Kepala LLDIKTI Wilayah VIII Prof. Dr. I Nengah Dasi Astawa, M.Si. menghadiri wisuda Sekolah Tinggi Keguruan Ilmu Pendidikan (STKIP) Yapis Dompu Nusa Tenggara Barat pada hari Selasa, 2 Juli 2019.

STKIP Yapis Dompu meluluskan sebanyak 173 lulusan program sarjana yang terdiri dari 55 wisudawan dan 118 wisudawati.  Lulusan tersebut dari Prodi Pendidikan Sejarah (P-SJ), Prodi Pendidikan Bahasa dan Sastra Indonesia (P-BSI), Prodi Pendidikan Bahasa Inggris (P-BING), Prodi Pendidikan Guru Sekolah Dasar (P-GSD), Prodi Pendidikan Jasmani Kesehatan dan Rekreasi (P-JKR) dan Prodi Pendidikan Teknologi Informasi (P-TI).

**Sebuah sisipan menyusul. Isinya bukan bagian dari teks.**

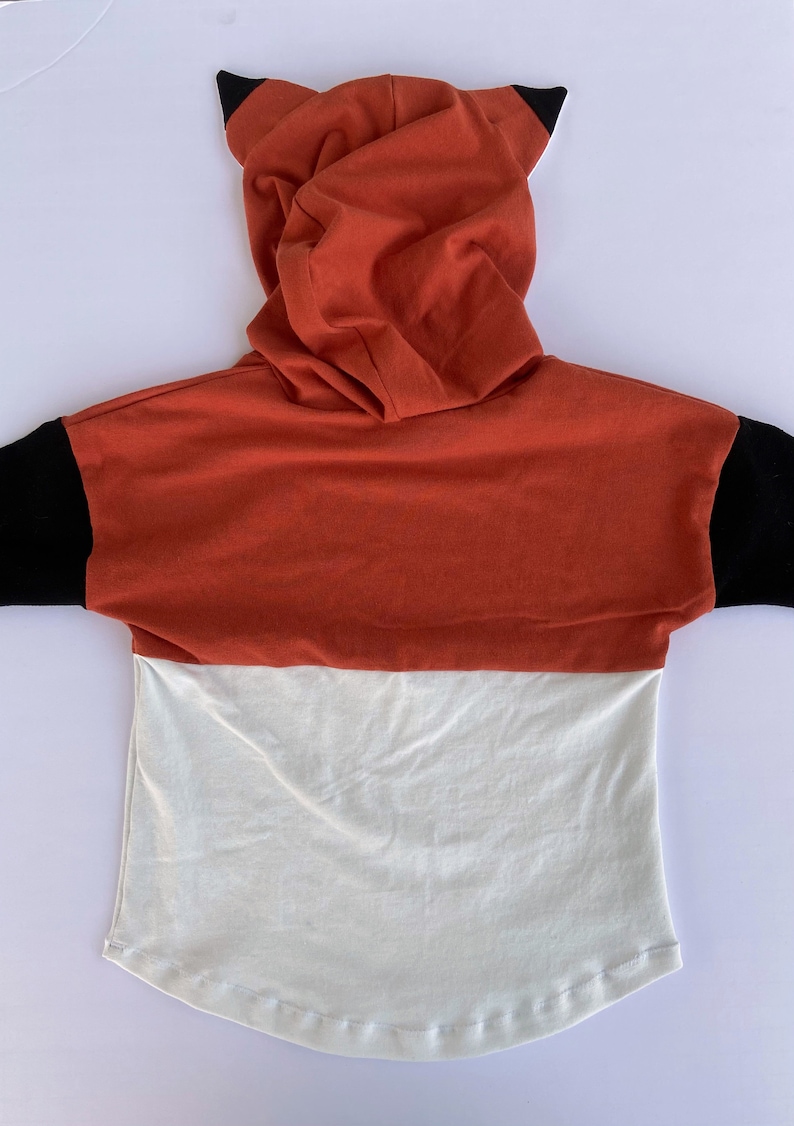 May include: A red, white and black hooded sweatshirt with fox ears. The sweatshirt has a long sleeve and a relaxed fit.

Pada sambutannya, Prof. Dr. I Nengah Dasi Astawa, M.Si. menjelaskan bahwa Perguruan Tinggi wajib meningkatkan mutu pendidikan secara sistematik dan berkelanjutan. Pengelola dan Penyelanggara Pendidikan Tinggi saat ini tidak lagi bisa bekerja tanpa berbasis data dan regulasi dengan tumpuan pada pola recording dan reporting yang baik, benar, dan sistematik serta akuntabel. “Kami mendorong agar beberapa Perguruan Tinggi Swasta (PTS) yang berada dalam naungan satu yayasan agar bergabung dan membentuk institut,” ujar Beliau dalam sambutannya.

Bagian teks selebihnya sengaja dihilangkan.